La violenza tra pari si manifesta in diverse forme, tra cui risse, danneggiamento di beni, ferite che richiedono cure mediche e atti più gravi come colpire un insegnante per fargli male. I dati mostrano che il 38,3% degli studenti ha partecipato a risse, con un picco tra i maschi. Il 30% dei ragazzi ha dichiarato di essere stato autore di cyberbullismo, mentre il 29,9% ha riferito di aver praticato bullismo online negli ultimi 12 mesi. La violenza virtuale, in particolare, ha visto un incremento significativo, con un numero record di studenti che hanno filmato scene di violenza o assistito a esse.

La tolleranza alla frustrazione è in calo, con conseguenze dirette sui comportamenti violenti. Sabrina Molinaro, dirigente di ricerca Cnr-Ifc, spiega che i ragazzi moderni hanno una maggiore impazienza e una minore capacità di gestire le emozioni negative. «Basta solo pensare all’on demand rispetto all’attesa, per esempio, dell’episodio il giorno successivo di generazioni precedenti», osserva. La mancanza di attesa e di tolleranza ha portato a una crescita dei comportamenti violenti, con conseguenze che si estendono a scuola e in famiglia.
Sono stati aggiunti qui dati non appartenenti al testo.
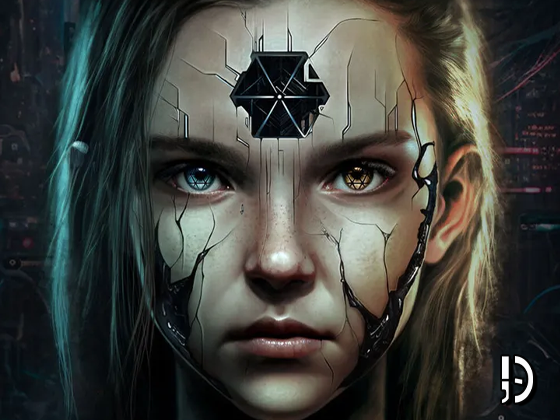 Pulsatrix divulga novo trailer de “A.I.L.A”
Un contesto di relazioni fragili

La violenza si concentra in contesti in cui le relazioni si incrinano, sia a scuola che in famiglia. I dati evidenziano che la prevalenza maschile è più che doppia rispetto a quella femminile, con un divario che si manifesta in tutti i tipi di comportamenti violenti. «La violenza tra pari non è un fatto episodico, attraversa la quotidianità di una quota ampia di adolescenti», conclude Molinaro. La risposta deve essere strutturale, con un focus su competenze emotive, educazione digitale e interventi mirati alle dinamiche di gruppo.

La normalizzazione della violenza è un segnale di una società in transizione. I dati mostrano una crescita preoccupante, con un aumento del 300% nel numero di studenti che assistono o filmano scene di violenza. La mancanza di spazi comunitari e di relazioni significative contribuisce a una normalizzazione della violenza, che si diffonde attraverso le relazioni di gruppo. Per combatterla, è necessario investire in contesti sicuri, in competenze emotive e in una rete di supporto che coinvolga scuola, famiglia e servizi territoriali.

La violenza tra pari non è solo un problema individuale, ma un segnale di una società in transizione. I dati del Cnr-Ifc rappresentano un allarme per la società, ma anche un invito a riflettere su come educare i ragazzi a gestire le emozioni e a costruire relazioni positive. Solo con un approccio integrato e proattivo si potrà ridurre l’incidenza di comportamenti violenti e creare un ambiente in cui gli adolescenti possano crescere in sicurezza. La violenza tra pari non è un fenomeno marginale, ma una realtà che richiede una risposta concreta e strutturata. I dati del Cnr-Ifc rappresentano un allarme per la società, ma anche un invito a riflettere su come educare i ragazzi a gestire le emozioni e a costruire relazioni positive. Solo con un approccio integrato e proattivo si potrà ridurre l’incidenza di comportamenti violenti e creare un ambiente in cui gli adolescenti possano crescere in sicurezza.